For Trump, the key is to upset Clinton’s strategy. She wants him to be the top issue—his character, personality, and lack of control of his emotions—while she stays in the background, waiting for him to blunder. If he doesn’t and the spotlight shifts to her, voters see a weak and untrustworthy leader. Trump benefits from the comparison—that is, until he commits a gaffe. That’s the pattern.

It’s happened a few times before. After the conventions, Trump continued for days to attack the Muslim father of an American captain killed in Iraq. The father had criticized him in a speech at the Democratic convention. Trump said he had “a right to respond.” But the longer he responded, prolonging the gaffe, the further he fell behind Clinton.

But in a week or two, he began to crawl back closer to Clinton. Then he got off track again by quarreling with a former beauty contest winner about her weight. This was a gaffe. His poll numbers dipped, only to begin inching up once more in a couple weeks as he got a grip on his behavior.

His rise was interrupted again on October 9 when the video with his lewd comments about women was leaked. It caused another drop. But soon the pattern repeated itself and now he’s behind Clinton only three percentage points, at least in the Fox poll.

If Trump focuses on serious issues and doesn’t spoil his progress by saying something stupid or inappropriate, it’s possible he’ll draw even closer to Clinton. But maybe not. Several tracking polls already have shown Trump tied or a point or two ahead. But most of the major surveys have him trailing.

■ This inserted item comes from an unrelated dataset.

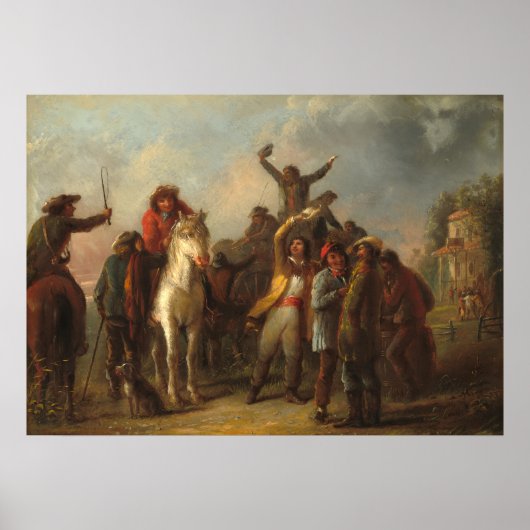 Verkiezing - Alfred Jacob Miller Fine Art Poster (Voorkant)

With less than two weeks before the election on November 8, there can’t be many undecided voters left. Trump will need to increase his support among Republicans. The Fox poll found that 81 percent of Republicans intend to vote for Trump. The rule of thumb is a GOP presidential candidate must get 90 percent.

Trump’s latest bump contributed to the slight improvement for Republicans in House elections. In competitive races, a number of GOP candidates have ticked up a few points. They had slipped earlier when the Trump video was the top story.

In Senate races, voters have not routinely identified Republican candidates with Trump, hard as Democrats have tried to make the link. In Nevada, Democrat Catherine Cortez Masto has insisted Republican Joe Heck is strongly pro-Trump. (Heck isn’t.) Her tactic doesn’t appear to be working. A new NBC/Wall Street Journal poll gives Heck 49 percent to 42 percent edge.